Voss turned away from the reflection and rang for a bath. He wouldn’t go to Angelica sweaty and dirty from his night of blind pleasure.
But nor did he feel remorse for taking what he needed and craved. It was his right, his compulsion. His compensation from Lucifer: never-ending, unrepentant self-indulgence.
He wouldn’t hurt her; he wasn’t like Cezar Moldavi who caused pain simply for the sake of it, as a revenge for all of the pain inflicted on him during his mortal years.
No, he wouldn’t hurt Angelica. But he would have her.
And he wouldn’t wait much longer.
Dimitri was tired and annoyed. Not particularly in that order. Definitely not in that order.
In fact, annoyed wasn’t a strong enough word for how he was feeling. Livid. That was it.

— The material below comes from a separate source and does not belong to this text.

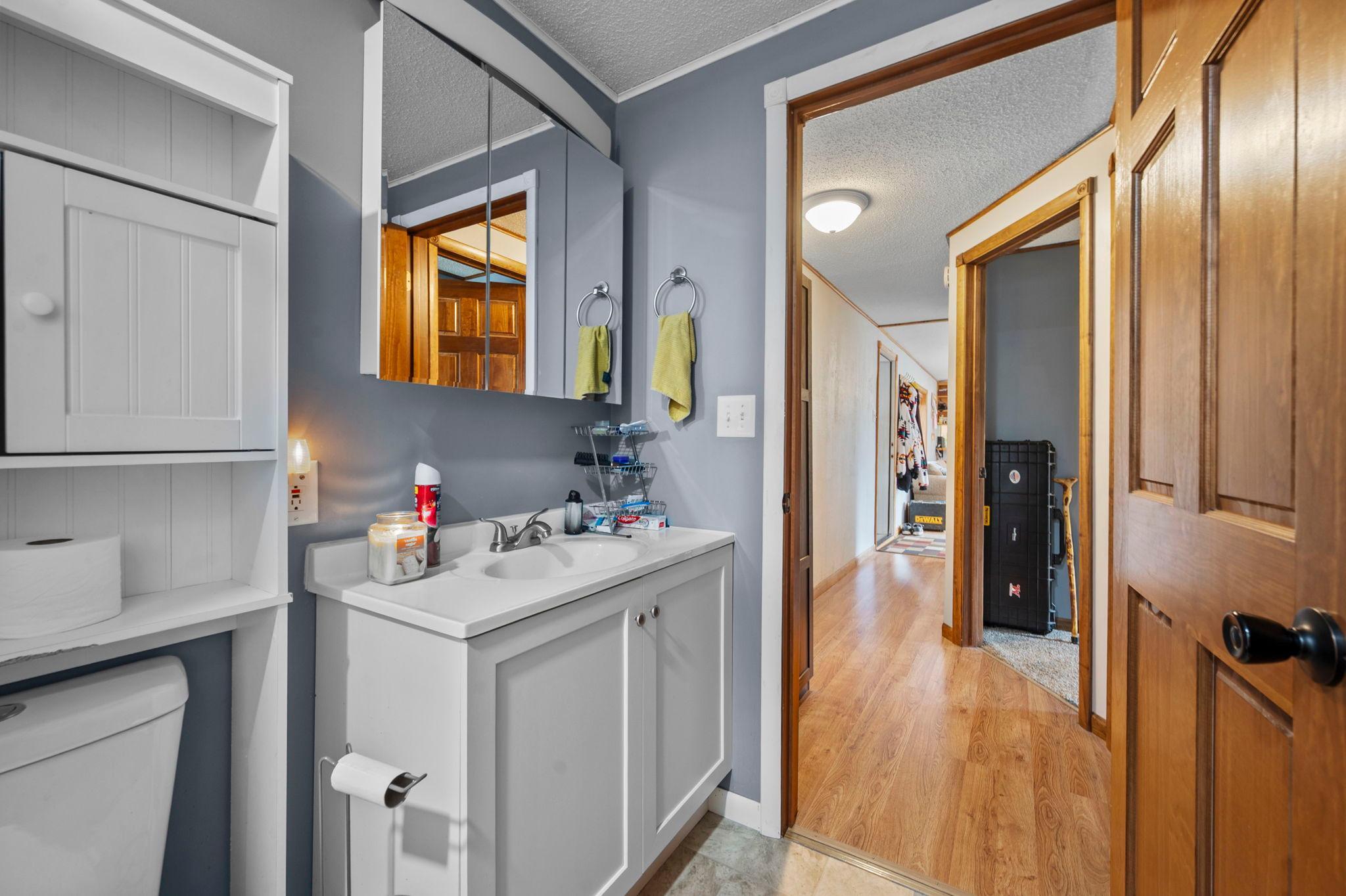 52-web-or-mls-12325 Johnson Memorial Dr-175.jpg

He glared down at the figure standing between him and his only chance at a modicum of relief. No.
He felt murderous.
“What is it, Miss Woodmore?” he asked. It was clear that the eldest of his new charges wasn’t going to allow him to pass to his study unless she spoke to him. And, from the looks of her stubborn expression, at great length.
She had obviously found the time to change from last night’s appalling Hatshepsut costume, and, presumably, to rest a bit. At least, that was what her maid had reported, via Dimitri’s valet. Once assured that Angelica was not only safe, but would be returning to Blackmont Hall later that morning, Miss Woodmore had felt able to take a bit of repose. Perhaps even a bath, if the spicy floral scent emanating from her hair was any indication.

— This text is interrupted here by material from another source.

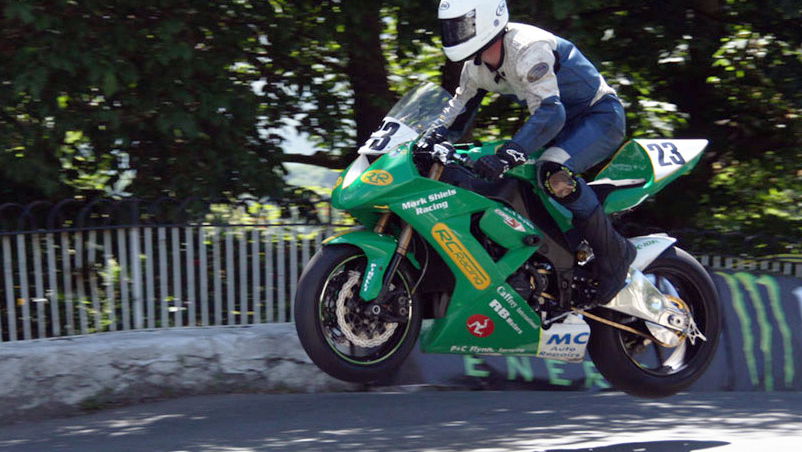 TT Supersport race red-flagged after death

But Dimitri had spent the last hours of the night and well into the day (for it was now several hours past noon) attending to everything from Belial and his footpads—and their vain attempt to breach Blackmont Hall—to ensuring that the real story of what happened at the masquerade ball was obscured and stifled. A few hints dropped about a bit of playacting at the masquerade gone awry, a few twists of facts into something believable along with the altering of a number of stubborn memories, and several visits to men’s clubs to blank out more memories—and all was taken care of.

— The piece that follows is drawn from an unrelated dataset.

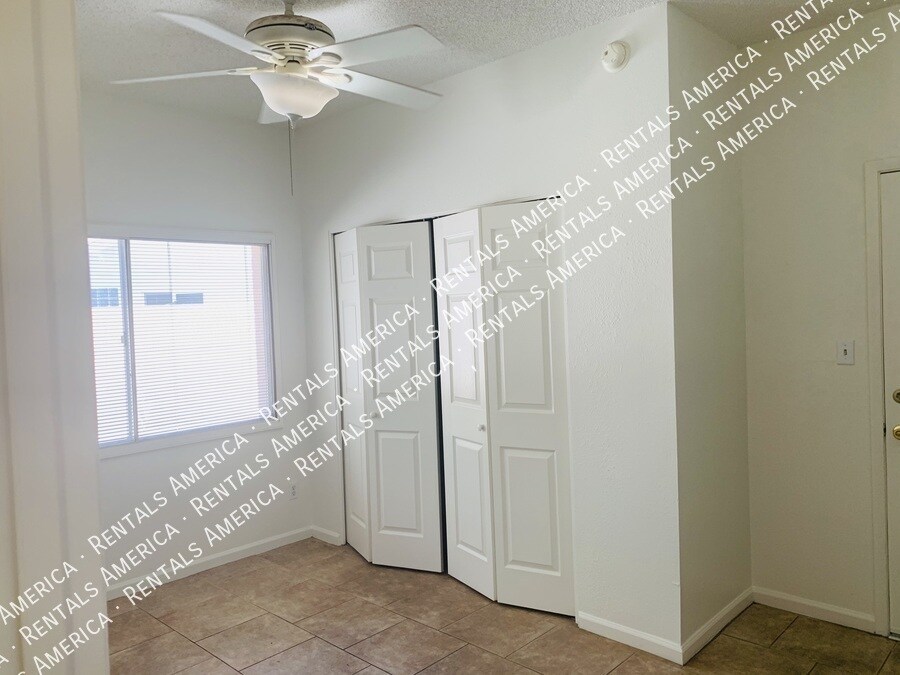 Building Photo - 2723 S Estrella Cir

And now here stood Miss Woodmore, fresh-faced and accusing.
“It’s nearly four o’clock, Corvindale. I would like you to tell me precisely where Angelica is,” she told him. “And when she is going to arrive here. But most of all, I require assurance that she is safe.”
How could this slip of a woman who smelled like spicy flowers manage to fill the entire corridor? He hadn’t a prayer of brushing past and ignoring her insulting insinuations.
No, Miss Woodmore would not be ignored.